Przez siedem sezonów „NCIS: Nowy Orlean” śledził fikcyjną Naval Criminal Investigative Service stacjonującą w Luizjanie. Zespół kierowany przez agenta specjalnego Dwayne’a Cassiusa Pride’a (Scott Bakula) zajmuje się przestępstwami z udziałem członków Korpusu Piechoty Morskiej i Marynarki Wojennej Stanów Zjednoczonych. Od zniknięć po krajowe ataki terrorystyczne, jednostka widziała to wszystko w ekscytujący sposób, ponieważ serial cieszył się niezmiennie wysoką jakością przez cały czas.
Mnóstwo krytyków i zwykłych widzów chwaliło program, podczas gdy wciąż emitowano nowe odcinki. Verne Gay z Newsday napisał o spinoffie „Bakula, [CCH] Uderz – jak zwykle – spraw, aby lek łatwo zszedł”. Podobnie Ellen Gray z Philadelphia Daily News powiedziała: „Receptura pozostaje solidna: kolorowa, wspierająca się rodzina pracowników rozwiązuje zagadki dzięki technologicznemu sprytowi i odrobinie humoru”.

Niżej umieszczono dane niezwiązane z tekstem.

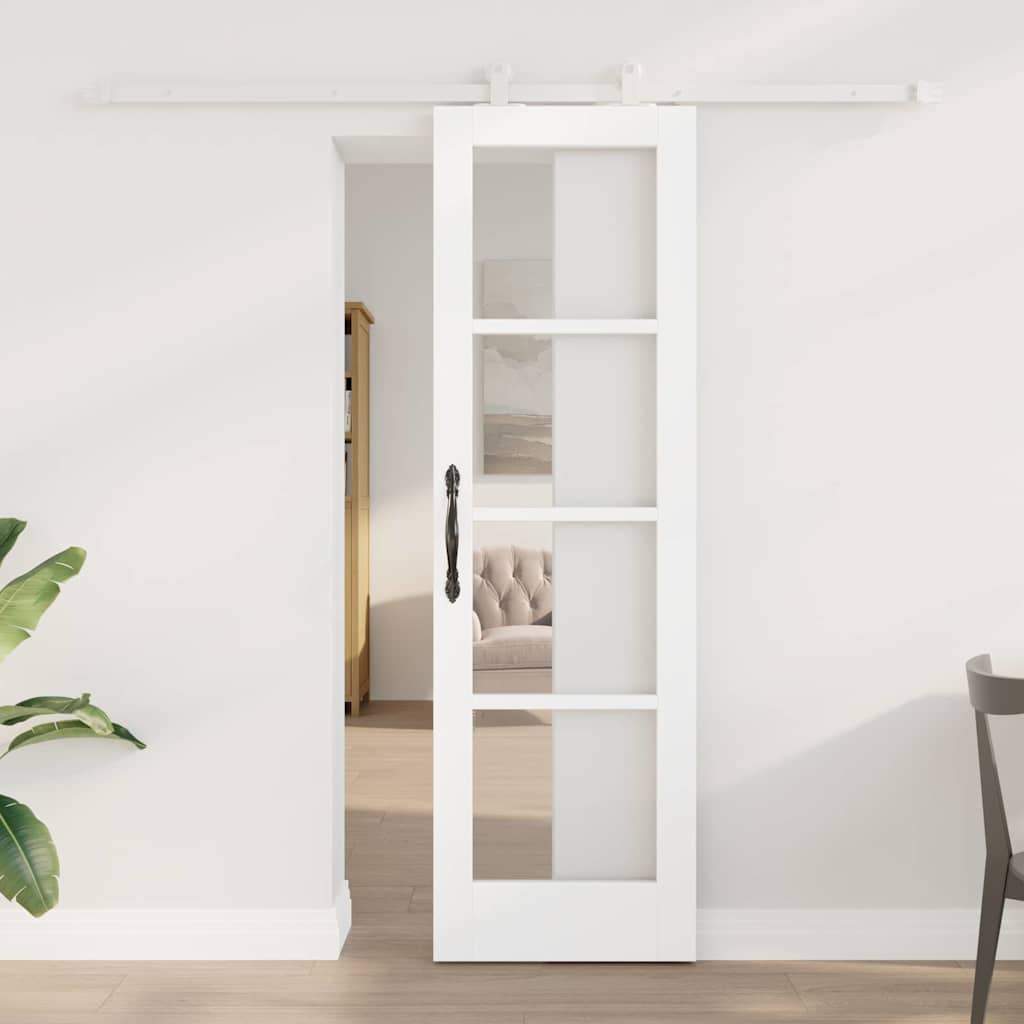 Schiebetür ORKDAL 61 x 198,5 cm Massivholz Kiefer und Glas Weiß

Jednak niewielu programom udaje się utrzymać ten sam poziom pochwały przez całe swoje biegi, zwłaszcza gdy trwają siedem sezonów. Zawsze jest co najmniej kilka śmierdzących, a według IMDb jeden odcinek pozostaje mocno osadzony na dnie beczki.
We All Fall… to najniżej oceniany odcinek NCIS: New Orleans
Na podstawie ocen IMDb, sezon 7 odnotował spadek jakości „NCIS: Nowy Orlean”. W całym serialu nie można było znaleźć odcinka, który spada poniżej 7.0/10. Jednak kilka części spadło poniżej tego benchmarku w ostatnim sezonie, a najniższym z nich jest sezon 7, odcinek 4, „We All Fall…”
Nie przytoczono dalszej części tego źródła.